■ Excerpted data:

BEGIN

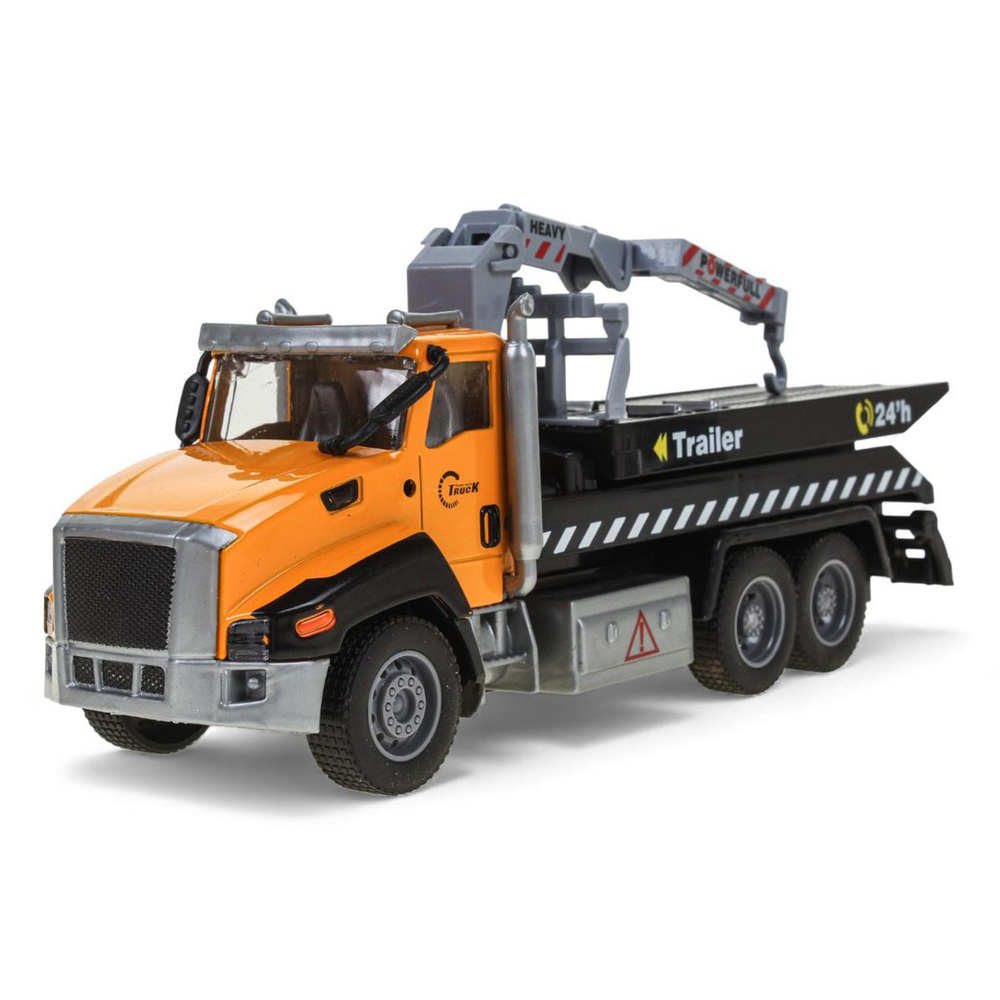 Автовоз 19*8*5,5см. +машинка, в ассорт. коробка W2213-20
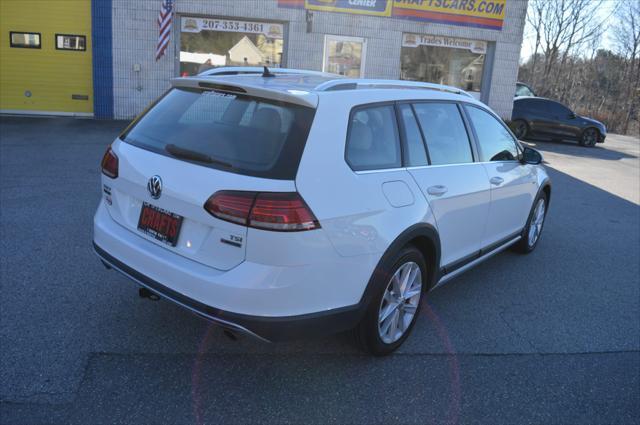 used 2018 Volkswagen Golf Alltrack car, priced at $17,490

END
BEGIN

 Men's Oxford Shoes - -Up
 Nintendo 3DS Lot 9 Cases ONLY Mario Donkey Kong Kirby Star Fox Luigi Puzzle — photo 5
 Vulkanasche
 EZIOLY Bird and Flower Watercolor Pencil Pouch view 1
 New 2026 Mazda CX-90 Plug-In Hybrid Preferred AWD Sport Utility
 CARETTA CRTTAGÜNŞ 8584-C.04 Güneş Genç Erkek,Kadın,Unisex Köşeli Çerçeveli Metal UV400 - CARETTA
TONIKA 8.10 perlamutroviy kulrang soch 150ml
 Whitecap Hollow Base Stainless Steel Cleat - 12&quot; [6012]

END
BEGIN

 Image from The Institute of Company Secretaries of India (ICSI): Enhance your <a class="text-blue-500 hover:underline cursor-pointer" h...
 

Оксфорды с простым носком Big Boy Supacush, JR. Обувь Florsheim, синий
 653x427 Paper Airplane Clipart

END

■ How to complete this task: Return only the stretch of the material above from the line holding "TONIKA 8.10 perlamutroviy kulrang soch 150ml" through the line holding "Whitecap Hollow Base", copied exactly.

■ Answer to the problem:
TONIKA 8.10 perlamutroviy kulrang soch 150ml
 Whitecap Hollow Base Stainless Steel Cleat - 12&quot; [6012]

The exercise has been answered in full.